(Beginning of Data for review)
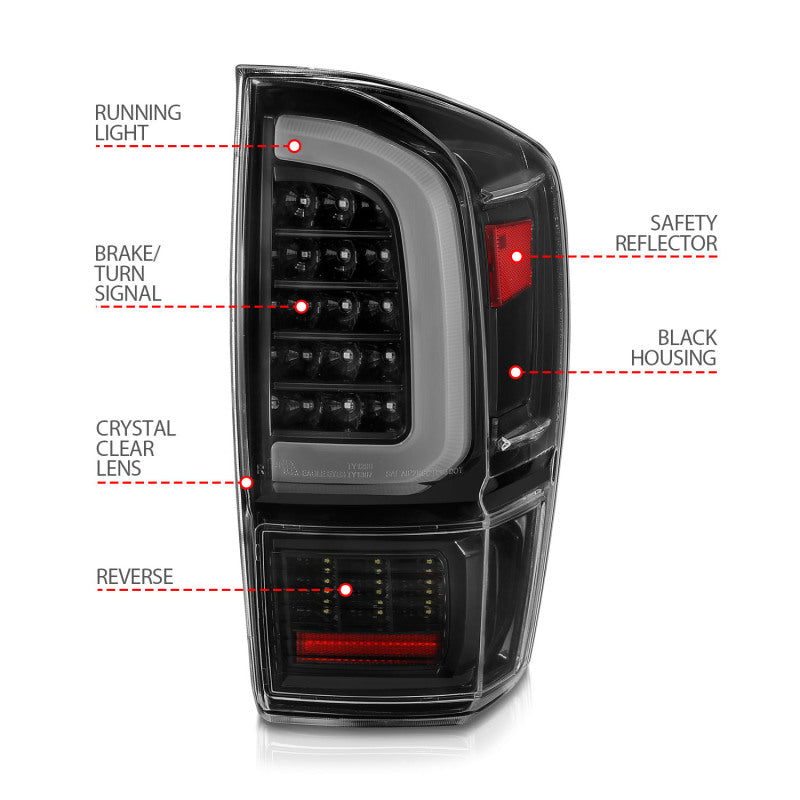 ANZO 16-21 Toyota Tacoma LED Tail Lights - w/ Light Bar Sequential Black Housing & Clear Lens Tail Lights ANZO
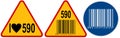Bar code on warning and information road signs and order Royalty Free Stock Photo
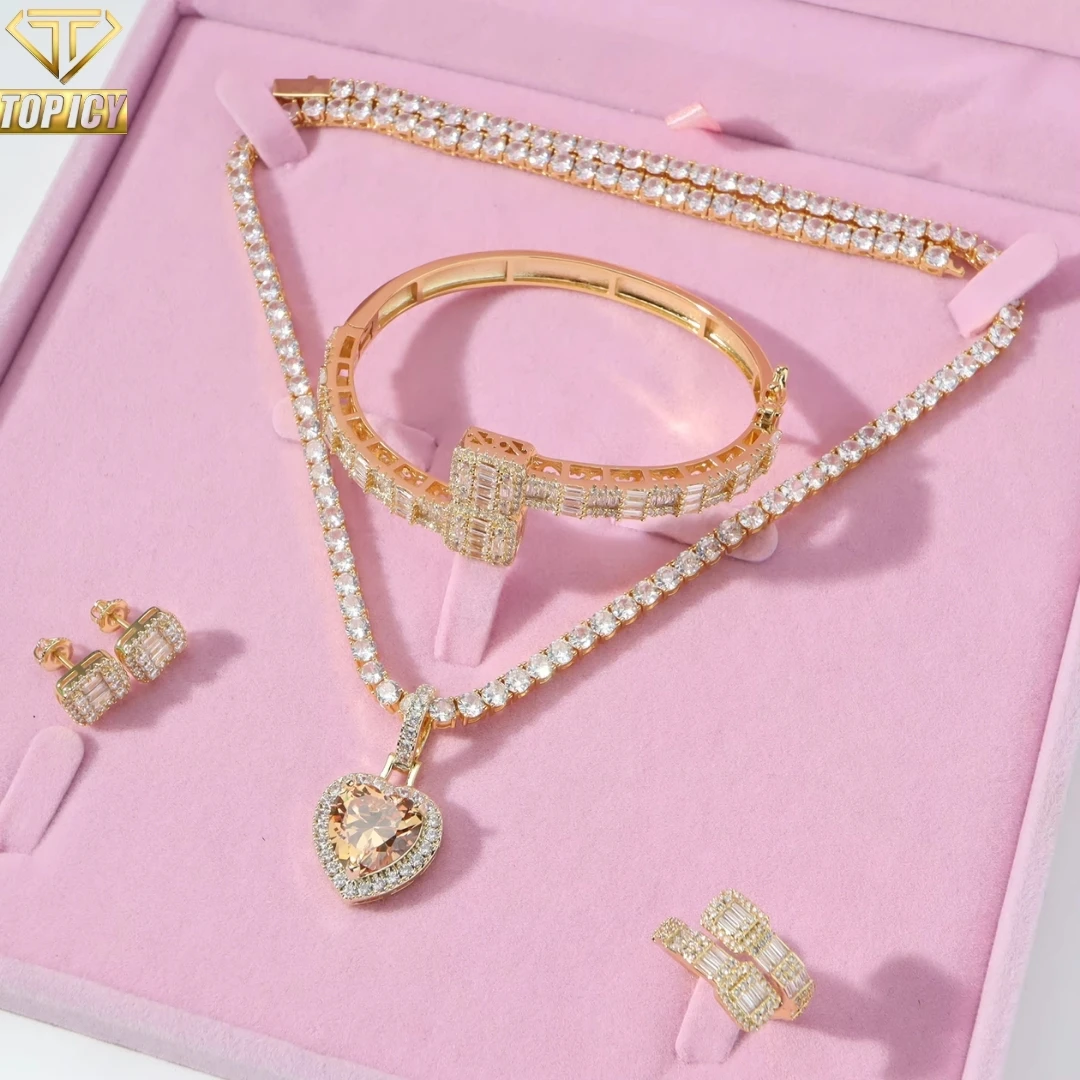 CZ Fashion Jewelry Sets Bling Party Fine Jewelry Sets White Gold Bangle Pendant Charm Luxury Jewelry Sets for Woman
(End of Data for review)
(Beginning of Data for review)
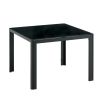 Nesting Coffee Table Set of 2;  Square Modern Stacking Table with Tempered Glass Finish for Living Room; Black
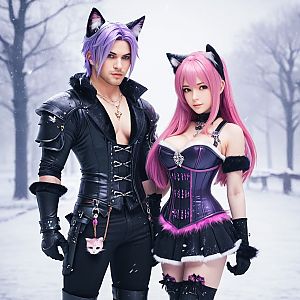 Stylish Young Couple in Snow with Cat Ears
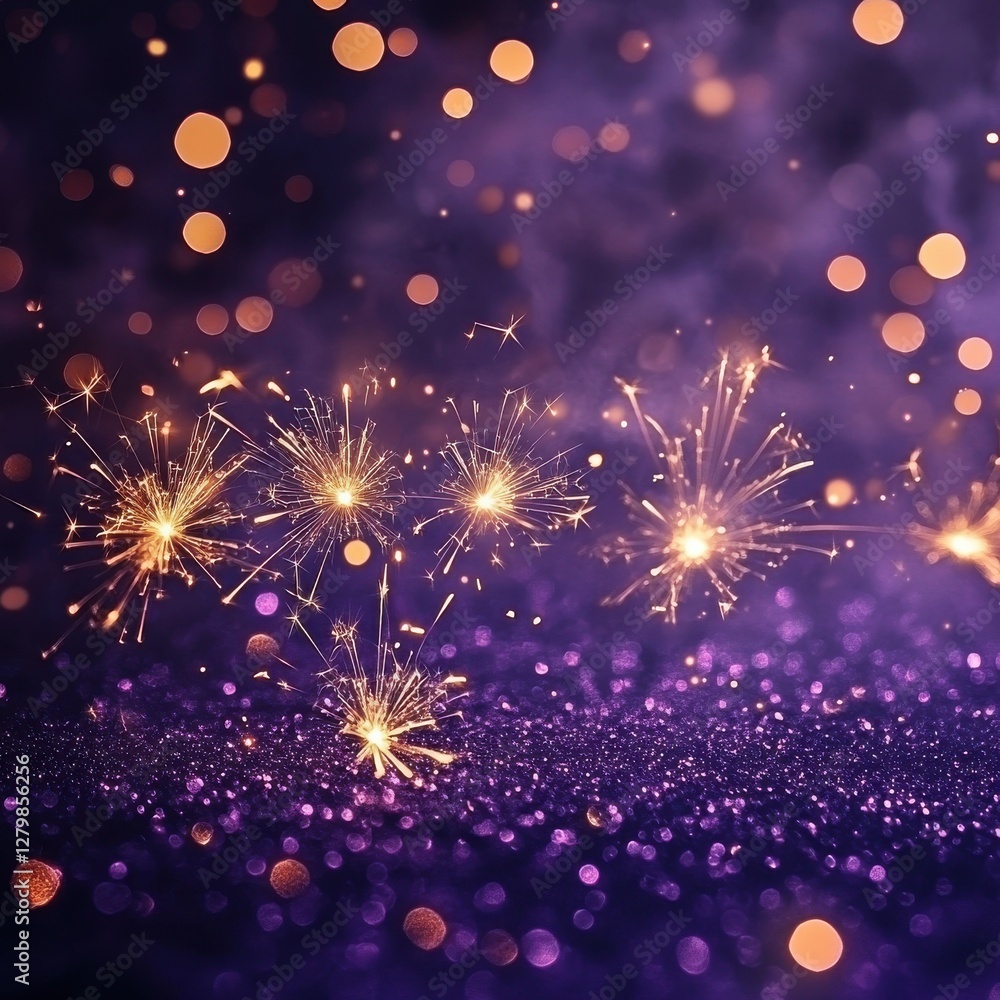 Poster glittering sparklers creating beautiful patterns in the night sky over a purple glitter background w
(End of Data for review)
Your task :: Please repeat, exactly as written, the lines in the records above, starting with the one that has "ANZO 16-21 Toyota" and going on through the one that has "CZ Fashion Jewelry". Pictures are to be left out.

The answer ::
 ANZO 16-21 Toyota Tacoma LED Tail Lights - w/ Light Bar Sequential Black Housing & Clear Lens Tail Lights ANZO
Bar code on warning and information road signs and order Royalty Free Stock Photo
 CZ Fashion Jewelry Sets Bling Party Fine Jewelry Sets White Gold Bangle Pendant Charm Luxury Jewelry Sets for Woman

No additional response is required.